Re: Different ASM for ReLU function between GCC11 and GCC12

2023-06-20 Thread Jakub Jelinek via Gcc
On Tue, Jun 20, 2023 at 03:03:19PM +, Michael Matz via Gcc wrote:
> Hello,
> 
> On Tue, 20 Jun 2023, Jakub Jelinek via Gcc wrote:
> 
> > ce1 pass results in emit_conditional_move with
> > (gt (reg/v:SF 83 [ x ]) (reg:SF 84)), (reg/v:SF 83 [ x ]), (reg:SF 84)
> > operands in the GCC 11 case and so is successfully matched by
> > ix86_expand_fp_movcc as ix86_expand_sse_fp_minmax.
> > But, in GCC 12+, emit_conditional_move is called with
> > (gt (reg/v:SF 83 [ x ]) (reg:SF 84)), (reg/v:SF 83 [ x ]), (const_double:SF 
> > 0.0 [0x0.0p+0])
> > instead (reg:SF 84 in both cases contains the (const_double:SF 0.0 
> > [0x0.0p+0])
> > value, in the GCC 11 case loaded from memory, in the GCC 12+ case set
> > directly in a move.  The reason for the difference is exactly that
> > because cheap SSE constant can be moved directly into a reg, it is done so
> > instead of reusing a pseudo that contains that value already.
> 
> But reg84 is _also_ used as operand of emit_conditional_move, so there's 
> no reason to not also use it as third operand.  It seems more canonical to 
> call a function with
> 
>   X-containing-B, A, B
> 
> than with
> 
>   X-containing-B, A, something-equal-to-B-but-not-B
> 
> so either the (const_double) RTL should be used in both, or reg84 should, 
> but not a mix.  Exactly so to ...

If ifcvt.cc knows that, then sure, but it can't be (easily) worked around on the
backend side...

Jakub



Re: Different ASM for ReLU function between GCC11 and GCC12

2023-06-20 Thread Michael Matz via Gcc
Hello,

On Tue, 20 Jun 2023, Jakub Jelinek via Gcc wrote:

> ce1 pass results in emit_conditional_move with
> (gt (reg/v:SF 83 [ x ]) (reg:SF 84)), (reg/v:SF 83 [ x ]), (reg:SF 84)
> operands in the GCC 11 case and so is successfully matched by
> ix86_expand_fp_movcc as ix86_expand_sse_fp_minmax.
> But, in GCC 12+, emit_conditional_move is called with
> (gt (reg/v:SF 83 [ x ]) (reg:SF 84)), (reg/v:SF 83 [ x ]), (const_double:SF 
> 0.0 [0x0.0p+0])
> instead (reg:SF 84 in both cases contains the (const_double:SF 0.0 [0x0.0p+0])
> value, in the GCC 11 case loaded from memory, in the GCC 12+ case set
> directly in a move.  The reason for the difference is exactly that
> because cheap SSE constant can be moved directly into a reg, it is done so
> instead of reusing a pseudo that contains that value already.
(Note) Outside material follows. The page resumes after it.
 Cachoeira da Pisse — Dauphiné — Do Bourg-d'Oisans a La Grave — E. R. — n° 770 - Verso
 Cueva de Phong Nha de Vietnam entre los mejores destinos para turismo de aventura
But reg84 is _also_ used as operand of emit_conditional_move, so there's 
no reason to not also use it as third operand.  It seems more canonical to 
call a function with

  X-containing-B, A, B

than with

  X-containing-B, A, something-equal-to-B-but-not-B

so either the (const_double) RTL should be used in both, or reg84 should, 
but not a mix.  Exactly so to ...

> actually a minmax.  Even if it allowed the cheap SSE constants,
> it wouldn't know that r84 is also zero (unless the expander checks that
> it is a pseudo with a single setter and verifies it or something similar).
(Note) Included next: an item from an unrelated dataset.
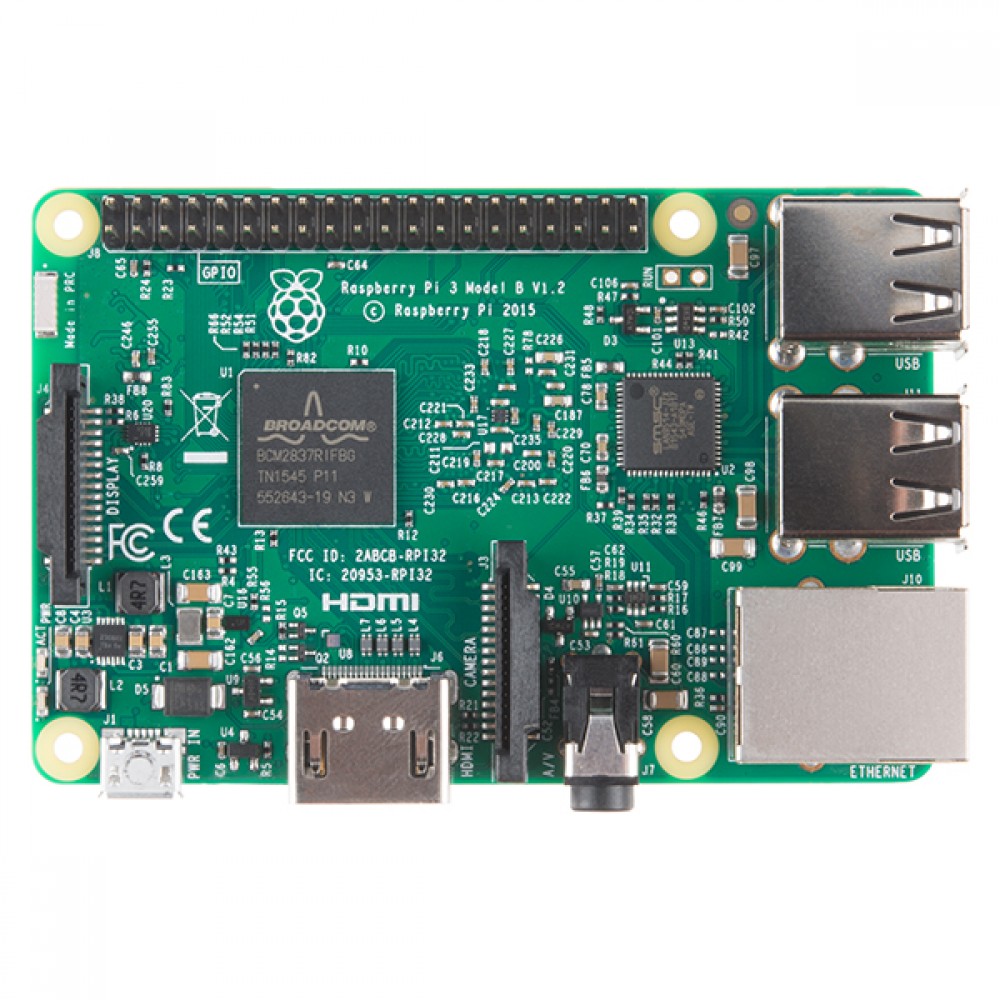 Raspberry Pi 3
... not have this problem.


Ciao,
Michael.


Re: Different ASM for ReLU function between GCC11 and GCC12

2023-06-20 Thread Jakub Jelinek via Gcc
On Tue, Jun 20, 2023 at 10:15:37AM +0200, Richard Biener wrote:
> On Mon, Jun 19, 2023 at 9:45 PM Jakub Jelinek via Gcc  wrote:
> >
> > On Mon, Jun 19, 2023 at 09:10:53PM +0200, André Günther via Gcc wrote:
> > > I noticed that a simple function like
> > > auto relu( float x ) {
> > > return x > 0.f ? x : 0.f;
> > > }
> > > compiles to different ASM using GCC11 (or lower) and GCC12 (or higher). On
> > > -O3 -mavx2 the former compiles above function to
> >
> > Such reports should go into gcc.gnu.org/bugzilla/, not to the mailing list,
> > if you are convinced that loading the constant from memory is faster.
> > Another possibility is
> > vxorps xmm1, xmm1, xmm1
> > vmaxss xmm0, xmm0, xmm1
> > ret
> > which doesn't need to wait for the memory.
> > This changed with https://gcc.gnu.org/r12-7693
> 
> I guess we previously were able to see that one operand of
> the comparison was not NaN.  Maybe some REG_EQUAL
> note can come to the rescue here?

ce1 pass results in emit_conditional_move with
(gt (reg/v:SF 83 [ x ]) (reg:SF 84)), (reg/v:SF 83 [ x ]), (reg:SF 84)
operands in the GCC 11 case and so is successfully matched by
ix86_expand_fp_movcc as ix86_expand_sse_fp_minmax.
But, in GCC 12+, emit_conditional_move is called with
(gt (reg/v:SF 83 [ x ]) (reg:SF 84)), (reg/v:SF 83 [ x ]), (const_double:SF 0.0 
[0x0.0p+0])
instead (reg:SF 84 in both cases contains the (const_double:SF 0.0 [0x0.0p+0])
value, in the GCC 11 case loaded from memory, in the GCC 12+ case set
directly in a move.  The reason for the difference is exactly that
because cheap SSE constant can be moved directly into a reg, it is done so
instead of reusing a pseudo that contains that value already.
In the latter case ix86_expand_fp_movcc is called even not with the
const_double because the expander doesn't allow immediates, but with
it forced into some other register, so it can't really find out it is
actually a minmax.  Even if it allowed the cheap SSE constants,
it wouldn't know that r84 is also zero (unless the expander checks that
it is a pseudo with a single setter and verifies it or something similar).

Jakub



Re: Different ASM for ReLU function between GCC11 and GCC12

2023-06-20 Thread Richard Biener via Gcc
On Mon, Jun 19, 2023 at 9:45 PM Jakub Jelinek via Gcc  wrote:
>
> On Mon, Jun 19, 2023 at 09:10:53PM +0200, André Günther via Gcc wrote:
> > I noticed that a simple function like
> > auto relu( float x ) {
> > return x > 0.f ? x : 0.f;
> > }
> > compiles to different ASM using GCC11 (or lower) and GCC12 (or higher). On
> > -O3 -mavx2 the former compiles above function to
>
> Such reports should go into gcc.gnu.org/bugzilla/, not to the mailing list,
> if you are convinced that loading the constant from memory is faster.
> Another possibility is
> vxorps xmm1, xmm1, xmm1
> vmaxss xmm0, xmm0, xmm1
> ret
> which doesn't need to wait for the memory.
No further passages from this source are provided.